I work on Firebase now, though not the DB team anymore. I'd love more data on how the DB is being outperformed if you're willing to share. Was it write throughout? Read throughout? Latency? Were you using small or large object sizes? Were indexes and ACLs used in both cases? Are you sure your firebase layout used best practices? Have you run the test lately to verify whether the findings are still true?

Sure, the benchmark and the application under test are public: http://benchmark.baqend.com/

We also do have some benchmarks comparing real-time performance, which are under submission at a scientific conference, so we cannot share them yet.

Unfortunately, testing against Firebase using established benchmarks such as YCSB is not very useful, as it's unclear which limits are enforced on purpose and which limits are inherent to the database design.

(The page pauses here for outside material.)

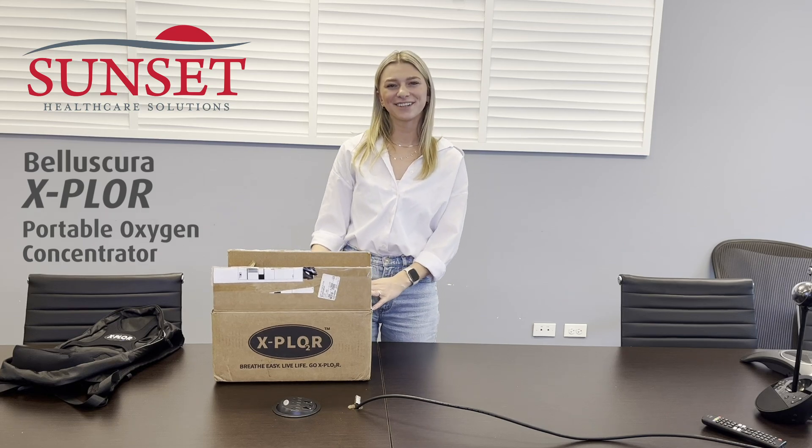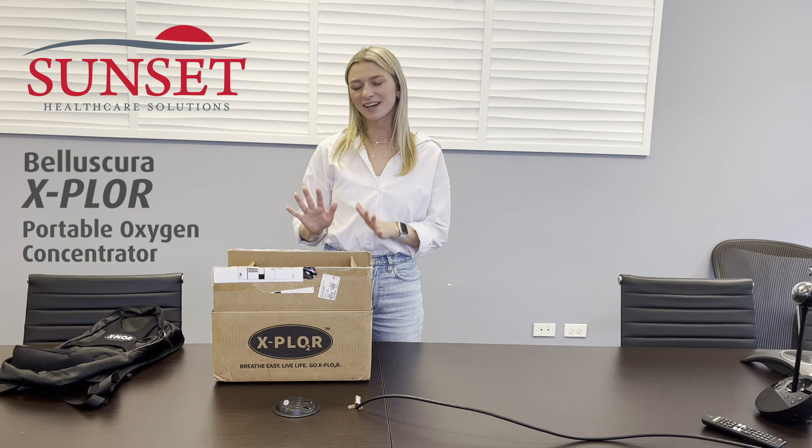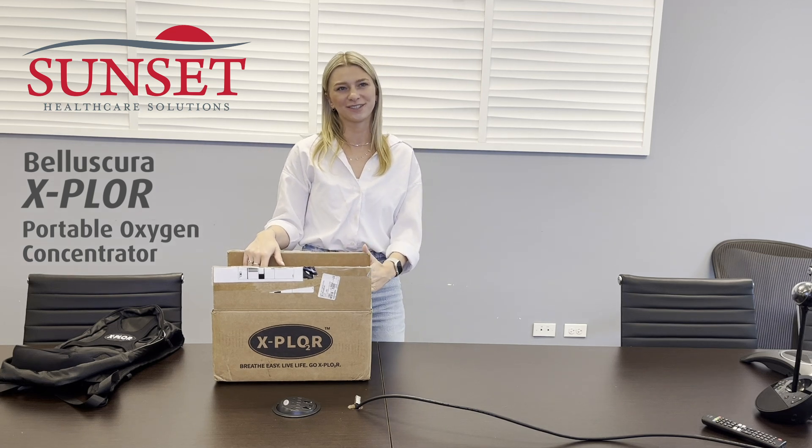Hi, my name is Michelle. I'm a Lead Sales Rep here at Sunset Healthcare Solutions. I wanted to do a quick guide and unboxing video of the Explorer Portable Oxygen Concentrator.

Would you be open to providing a Firebase setup for heavy load testing w.r.t. to throughput, latency and consistency?

Wow, the presentation here is really polished. Kudos!

For any readers, the test AFAICT is time to last byte for a single reader. It's a bit unfortunate that it seems local caching is affecting the bagend result by the time you switch the comparison to Firebase (though in full disclosure, Firebase's local cache isn't available on JS so that's a bit on us too).

I could give a few perf tips on the data layout for Firebase but it isn't clear whether the toy app has intentional indirection to model something more real.

I wanna say he's actually talking about you when he talks mentions developers who over complicate tjings

> At this very moment, I'm working on a classical DBMS, searching through around 200 million tuples within the order of 2 seconds (partially stored columnar using psql array types and GIN indexes).

hi, this comment was timely. I have been asking myself what to use to persist a 10 million node graph. There has been a lot of marketing around using Hbase (obscene to setup and maintain) and Cassandra (much better.. but paywalled).

My main db is postgresql and we use jsonb quite extensively. The problem is that there is a lot of statements that "a single huge jsonb table in postgresql will never scale. you will have made a horrible mistake".

Seems you have ample experience on this front - whats your take?

Depends heavily on your data access patterns. If you need eg recursive queries or pattern matching, you might be better served by a graph database.

hi sandGorgon. I agree with mhluongo on this. If you want to do things like transitive closure or connected components, you fall in the 2% section above. However, if you want to encode graphs for message systems, a simple table with parent-id might do just fine. Wrt jsonb: if you only do key->jsonb tables, you might want to consider another kind of system. Nevertheless, we've got millions of trajectories, connected to millions of annotations (links to trajectories with semi-structured jsonb), and combined with some GIN indexes, it works pretty well.

It seems like you're suggesting that "classical" DBMS are inherently relational. Pardon me if I've misread you but, respectfully, as awesome as relational databases are, you haven't offered any reason why they should be your default versus some kind of NoSQL store. Insofar as your concern is simplicity, which you say you prefer (understandably!), it's actually just as likely the simplest option will be non-relational. There's also nothing inherently specialized about a non-relational store; in particular, hierarchical and key-value stores have at least as much maturity in production as relational ones (cf. IMS and dbm, respectively).

(Sorry for the pedantry, but I both work on a cloud document-oriented database and recently watched a bunch of collegiate developers struggle to set up MySQL when their queries could easily have been handled by a simpler system.)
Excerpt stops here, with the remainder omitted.